Dave Brown admits he’s not great at counting fish. He tends to guess low.
When he looked into the biggest pond holding wild fish at his home outside Battle Ground last month, he pegged the number at about 22,500. Maybe higher.
At least this much is clear:
“I’m overcrowded,” Brown said. “I can hold a lot of little fish. But when they get big, I can’t hold them.”
How to help
To volunteer or donate to Northwest Wild Fish Rescue, contact the organization at 360-687-7049. More information is available at http://www.nwwild...>
Brown runs Northwest Wild Fish Rescue, a one-of-a-kind operation that captures young coho salmon and steelhead from waterways where they would otherwise become stranded and die when the water drops or dries up. Brown holds them and raises them in several pens on his property — fed by an elaborate system of pipes tapping natural spring water — before releasing them back into various parts of the Salmon Creek watershed when water is higher. The goal is to improve ailing wild fish runs in area waterways once bursting with them.
The process has worked well enough that Brown and his team pulled their biggest count ever this year — now estimated at as many as 30,000 total fish in Brown’s pens.
But that meant a change of plans. Northwest Wild Fish Rescue this week released at least 4,000 juvenile coho salmon into Upper Salmon Creek. Keeping them too long would have meant overcrowding the fish as they grew in coming months, Brown said.
Brown used this week’s release as a teaching moment. He invited a handful of volunteers to help out, offering a hands-on lesson in the process.
“This kind of program without outreach is pointless,” said Brice Crayne, a field technician with Clark Public Utilities and one of Brown’s trusted assistants with Northwest Wild Fish Rescue.
Outreach and education has been more of a focus recently for Northwest Wild Fish Rescue, which filed as a nonprofit organization last year.
But volunteers didn’t get a leisurely nature walk this week. They came to work, and Brown expected nothing less.
“Dave is so passionate about what he does,” Crayne said. “That’s what it takes to have a program like this.”
John DiVittorio began Wednesday’s carefully executed operation by tossing a couple handfuls of fish food into Brown’s biggest pond. As the water suddenly bubbled with a dark cloud of fish at the surface, Brown and Crayne scooped a large net under them. They pulled up thousands, weighing down the net. Too many for this load.
The two dumped some back in, then transferred the rest to a cooler waiting on Brown’s four-wheeler. Brown drove the load of about 1,500 coho up a trail to a 300-gallon water tank — filled to match the temperature of the pond — waiting in the driveway. A pump kept water trickling into the tank, and oxygen for the fish with it.
After two more loads in the tank, Brown and his crew headed for Upper Salmon Creek in the High Valley area east of Battle Ground.

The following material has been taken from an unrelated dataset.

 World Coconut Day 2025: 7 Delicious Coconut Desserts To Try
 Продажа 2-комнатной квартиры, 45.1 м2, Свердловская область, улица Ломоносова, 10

Once there, volunteers carried buckets of fish to different parts of the creek, gently lowering them in. They also tossed in “analog” pellets to boost nutrients in the fish’s new home.
Most volunteers had never worked with Brown before. Nor had they seen anything like Northwest Wild Fish Rescue.
“I think it’s really interesting,” said Stephan Clement of Camas, a recent Union High School graduate. “I didn’t really know anything like this existed.”
Volunteers spread fish over about a mile of Salmon Creek. The operation picked up steam as the morning went on, with workers gradually moving downstream while Brown’s truck and the tank of fish jumped ahead to meet them with more fish. Local residents and property owners joined them along the way.
The salmon didn’t miss a beat. Some instantly locked into the current, swimming perfectly in place after leaving a bucket. Others went on their way.
Most of the fish will remain in the area through the summer and winter, Brown said. When it’s time, they’ll attempt to make their way to the Pacific Ocean before eventually returning to spawn.
Only a small fraction of salmon complete that journey. But incomplete data still being collected show Brown’s wild fish, some recently tagged as part of a four-year study, have returned at a good rate. Others have been caught as far away as Depoe Bay, Ore., and outside Puget Sound, he said.
This week’s release ended at a covered bridge over Salmon Creek, accessible only by horse trails. DiVittorio corralled the last fish from the tank, and the day’s work was done. The group took a moment to take in a little-known gem, standing inside the bridge.
“You think you know an area, and you keep finding little treasures like this,” said La Center resident Marti Larsh. “This is great.”
The release was the first of many thousands of fish that will be put back into the Salmon Creek watershed by early next year. Brown hopes he can also raise awareness of the stream system that holds more fish than many people realize.
Progress is welcome, but Brown doesn’t hide the reality that Salmon Creek’s fish counts are nothing compared to what they used to be. Even longtime residents here today remember a very different waterway decades ago.
“Why do you think it’s called Salmon Creek?” Brown said. “Good reason.”